Biz anasını babasını bakım evine terk etmeyen nesiliz...

Biz babasının cenazesine tatildeyim diye gelmeyen nesil değiliz...

Biz şahsiyet sahibi olması için terbiyesinden vazgeçilen kendine özgüveni olan ama etrafa saygısı ve sevgisi olmayan sadece kendisine yaşayan egoist nesil değil, sevgiyi saygıyı fedakarlığı dostluğu vefa duygusunu, yerine göre başkalarının yasamı için kendi yasam tarzından fedakarlık eden nesiliz...

Arkadaşımızın ailesini kendi ailemiz kabul eden namus anlayışını buna göre dizayn eden nesiliz.

Biz psikologlarla pedagoglarla şekillendirilen değil, psikolojik sorunlarını aile mahalle ilişkileri içinde bedava çözen nesiliz...

Olaylara çözmek için atılan onları bana ne deyip pas geçmeyen nesiliz...

Anasına babasına ailesine egosundan fedakarlık edip maddi manevi kol kanat geren nesiliz...

Biz bugün kırk yıllık arkadaşlarını köşe bucak arayan onlarla birliktelikten zevk alan nesiliz...

Öğretmeninin elini öpmek için yarışan nesiliz.

Semt çocukluğunu mahalle terbiyesini büyüklere saygıyı görmüş bir nesiliz...

Kabadayı dediğimiz mahallenin bilekli delikanlısını bizi soyan değil bizi koruyan kollayan olarak bilen bir nesiliz...

Misketi, çemberi, uçurtmayı. Birdirbiri, topacı, uzun eşeği, kukalı saklambacı, üç tası, kaptanı, müsellesi, kovalamacayı, ip atlamayı, sekseki, üçgen (şeytan uçurtması) uçurtmayı, çivili futbolu, 9.taşı, bakkal amcalara kese kağıdı yapımını, yakan topu oyun olarak bilen bir nesiliz...

Futbolu, voleybolu, basketi, yüzmeyi tüm imkansızlıklara rağmen spor olarak yapan bir nesiliz...

Akşam üstleri şekerli ekmek karabiberli ekmek yiyen, çikolatayı pastayı turtayı şekerlemeyi tanımayan bir nesiliz.

Dışarıda yemek yemenin ayıp olduğu, ağız oynatmanın bile ayıplandığı, her lokmanın eşit paylaşıldığı, çay bardağındaki şekerin, kaşıkla karıştırılırken çıkan sesin ayıp olduğu, bu eylem kahvelerde yapıldığında kahvecinin hop deve kervanı mı gidiyor diye ikaz ettiği bir nesiliz...

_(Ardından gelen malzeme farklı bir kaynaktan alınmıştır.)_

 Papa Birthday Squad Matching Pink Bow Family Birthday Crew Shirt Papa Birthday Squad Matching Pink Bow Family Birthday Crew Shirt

Ebevenylerimizin öğretmenimize eti sizin kemiği benim diye teslim ettiği, öğretmenlerimizin bu emaneti gözlerinden sakınarak koruduğu, kulağımızı çeken öğretmenimizi evde şikayet edemediğimiz, öyle bir durumda babamızdan da azar işiteciğimizi bildiğimiz bir nesiliz...

Hele öğretmenin çocuğa bir siteminde anne baba dayı hala enişte bacanak anneanne hep birlikte okul basıp sen bizim çocuğumuzun psikolojisini nasıl bozarsın diye öğretmen döven bu nesille uzaktan yakından bir ilişkimiz yok... Öğretmen benim neslimin en kutsal varlıklarındandı...

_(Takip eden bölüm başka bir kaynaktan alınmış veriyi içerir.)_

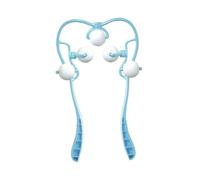 POPETPOP Appareil De Massage Cervical Manuel Portable à Boules Bleu Ciel Pour Détente Du Cou Et Soulagement Des Cervicales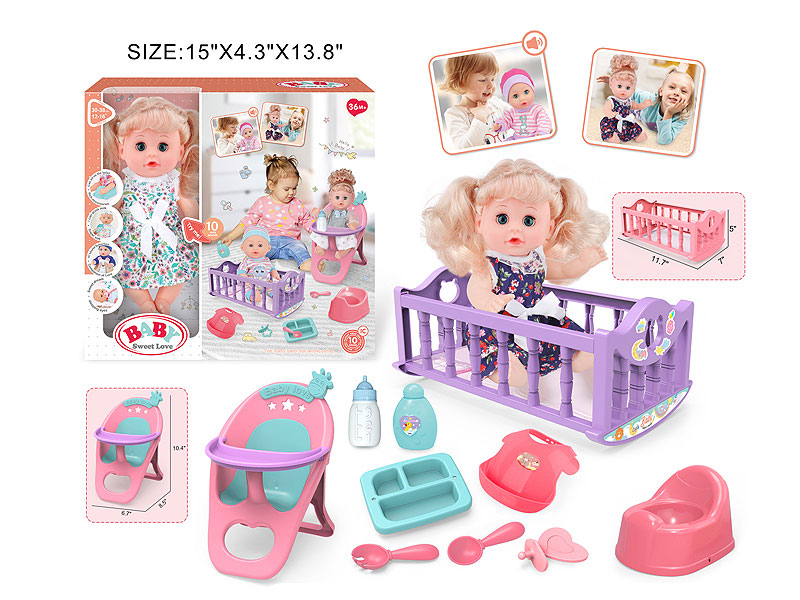 14inch Doll Set W/IC toys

Ataerkil babanın sözünün geçtiği ama babanın da analarımıza değer verdiği fikir paylaştığı aileleri olan bir nesiliz...

Lise mezunu arkadaşlarımızın bugünkü üniversite mezunlarının yanında doktora yapmış bir insan kalitesinde olduğu bir neslin çocuklarıyız...

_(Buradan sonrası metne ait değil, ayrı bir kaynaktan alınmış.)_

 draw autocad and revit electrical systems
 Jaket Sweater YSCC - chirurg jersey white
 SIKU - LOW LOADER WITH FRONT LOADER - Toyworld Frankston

Siz bizim nesli küçümsemeyin.

Bence bizim nesle benzemeye çalışın…

Belki Türkiye kurtulur...”

Keşke tez elden o nesle benzer bir yaşantıya kavuşsa ülkemiz, milletimiz, halkımız...
Bu duygularla o günleri hatırlatan herkese ve her kesime “Orkideler” gitsin istedik…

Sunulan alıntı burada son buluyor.